Each functionality can be accessed through dedicated command line tools:

# Access through interactive Q&A sessions
amaceing_cp2k           # CP2K input creation
amaceing_mace           # MACE input creation
amaceing_mattersim      # MatterSim input creation
amaceing_sevennet       # SevenNet input creation
amaceing_orb            # ORB model input creation
amaceing_grace          # Grace model input creation
amaceing_ana            # Trajectory analysis
amaceing_utils          # Utility functions

# Or with direct arguments for non-interactive use
amaceing_cp2k -rt="GEO_OPT" -c="{'project_name': 'test', 'coord_file': 'system.xyz', 'pbc_list': [10 0 0 0 10 0 0 0 10]}"

Python API

from amaceing_toolkit.workflow import cp2k_api

# Example: Generate a CP2K geometry optimization input
config = {
    'project_name': 'system_geoopt',
    'coord_file': 'system.xyz',
    'pbc_list': [14.2, 0, 0, 0, 14.2, 0, 0, 0, 14.2],
    'max_iter': 10,
    'xc_functional': 'BLYP',
}
cp2k_api(run_type='GEO_OPT', config=config)

Logger

The package includes a run and model logger to track simulation runs and fine-tuned models. This ensures reproducibility and easy access to past runs.

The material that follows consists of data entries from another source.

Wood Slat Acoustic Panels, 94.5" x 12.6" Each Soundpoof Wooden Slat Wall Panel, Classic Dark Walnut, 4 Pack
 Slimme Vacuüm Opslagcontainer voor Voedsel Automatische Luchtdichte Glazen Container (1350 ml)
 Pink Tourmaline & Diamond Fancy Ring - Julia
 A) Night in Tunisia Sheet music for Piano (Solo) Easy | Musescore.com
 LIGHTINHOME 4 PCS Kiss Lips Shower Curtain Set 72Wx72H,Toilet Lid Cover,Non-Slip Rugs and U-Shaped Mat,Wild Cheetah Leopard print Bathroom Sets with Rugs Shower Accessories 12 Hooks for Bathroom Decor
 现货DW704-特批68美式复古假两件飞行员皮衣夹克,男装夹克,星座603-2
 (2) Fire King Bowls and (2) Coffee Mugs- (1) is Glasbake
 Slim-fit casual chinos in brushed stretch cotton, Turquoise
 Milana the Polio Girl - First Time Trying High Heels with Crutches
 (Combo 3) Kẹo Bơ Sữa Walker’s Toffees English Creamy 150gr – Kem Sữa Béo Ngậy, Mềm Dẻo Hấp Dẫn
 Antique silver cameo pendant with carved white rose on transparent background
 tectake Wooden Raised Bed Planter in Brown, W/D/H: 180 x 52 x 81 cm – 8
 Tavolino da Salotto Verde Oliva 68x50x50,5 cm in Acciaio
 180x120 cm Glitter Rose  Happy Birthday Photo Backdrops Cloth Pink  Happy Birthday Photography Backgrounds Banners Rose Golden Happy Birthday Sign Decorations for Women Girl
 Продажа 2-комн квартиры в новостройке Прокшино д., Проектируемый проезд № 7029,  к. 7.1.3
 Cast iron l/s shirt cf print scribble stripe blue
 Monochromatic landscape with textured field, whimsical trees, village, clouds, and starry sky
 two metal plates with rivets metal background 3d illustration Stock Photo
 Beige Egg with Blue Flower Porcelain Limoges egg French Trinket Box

amaceing_utils --logger=run         # Get an overview of runs
amaceing_utils --logger=runexport   # Export run logger to PDF
amaceing_utils --logger=model       # Get an overview of models

Documentation

Complete documentation is available at ReadTheDocs.

The documentation provides:

• Comprehensive installation instructions
• Detailed API reference
• User guides for all supported simulation engines
• Configuration guides
• Example workflows
• Tutorials for common use cases:
  • NEW: Getting Started with aMACEing_toolkit Introduction to aMACEing_toolkit
  • Tutorial A
  • Tutorial B

Examples

Example systems and scripts are provided in the examples/ directory:

• 4KOH_92H2O_333K - Potassium hydroxide in water
• CsH2PO4 - Cesium dihydrogen phosphate
• analyzer - Trajectory analysis examples
• api_examples - Python API usage examples

Citation

If you use aMACEing_toolkit in your research, please cite:

Hänseroth, J. and Flötotto, A. and Qaisrani, M. N. and Dreßler, C. "Fine-Tuning Unifies Foundational Machine-learned Interatomic Potential Architectures at ab initio Accuracy." arXiv preprint arXiv:2511.05337 (2025).

@misc{hänseroth2025amaceingtoolkit,
      title={Fine-Tuning Unifies Foundational Machine-learned Interatomic Potential Architectures at ab initio Accuracy}, 
      author={Jonas Hänseroth and Aaron Flötotto and Muhammad Nawaz Qaisrani and Christian Dreßler},
      year={2025},
      eprint={2511.05337},
      archivePrefix={arXiv},
      primaryClass={physics.chem-ph},
      url={https://arxiv.org/abs/2511.05337}, 
}

License

This project is licensed under the MIT License (Non-Commercial Use Only).